▸ **ASSIGNED TASK**: Reproduce every line of the listing as written, apart from the pictures.

▸ **MATERIAL PROVIDED**:
———

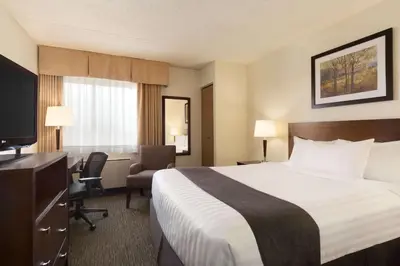 a hotel room with a bed and a desk at Travelodge by Wyndham Edmonton South in Edmonton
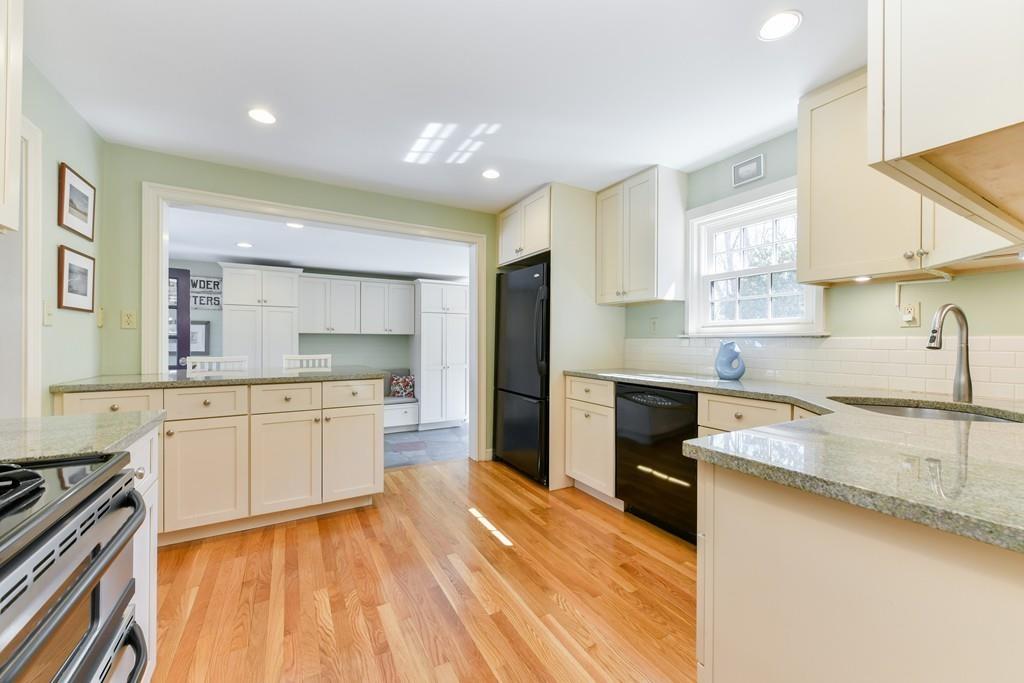519 Brook Road Milton, MA 02186 - Photo 7 of 19 a large kitchen with a stove a sink dishwasher and a refrigerator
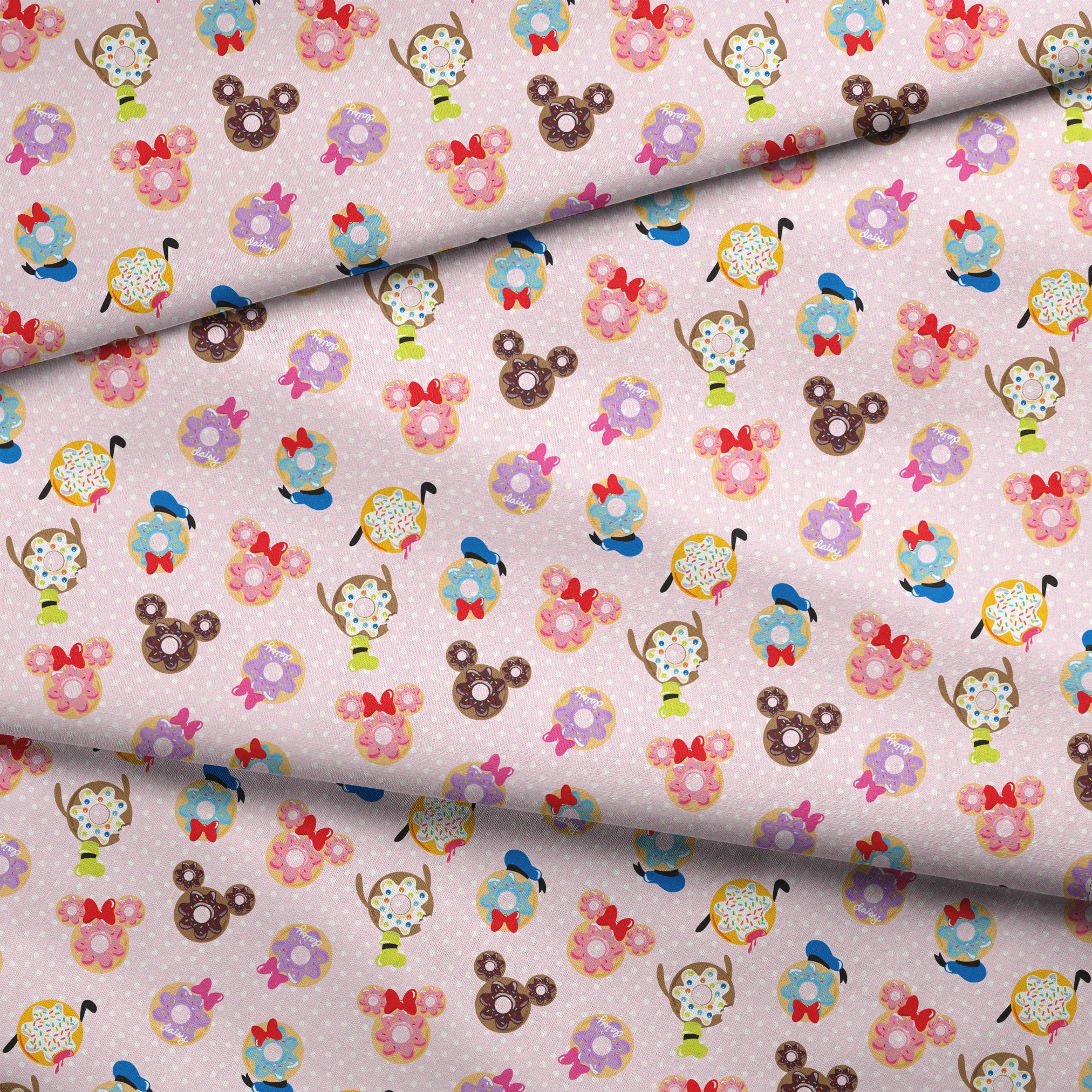 Mickey Mouse & friends donuts in various shapes on a pink polka dot background. fabric fold mockup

———

▸ **ANSWER**:
 a hotel room with a bed and a desk at Travelodge by Wyndham Edmonton South in Edmonton
519 Brook Road Milton, MA 02186 - Photo 7 of 19 a large kitchen with a stove a sink dishwasher and a refrigerator
 Mickey Mouse & friends donuts in various shapes on a pink polka dot background. fabric fold mockup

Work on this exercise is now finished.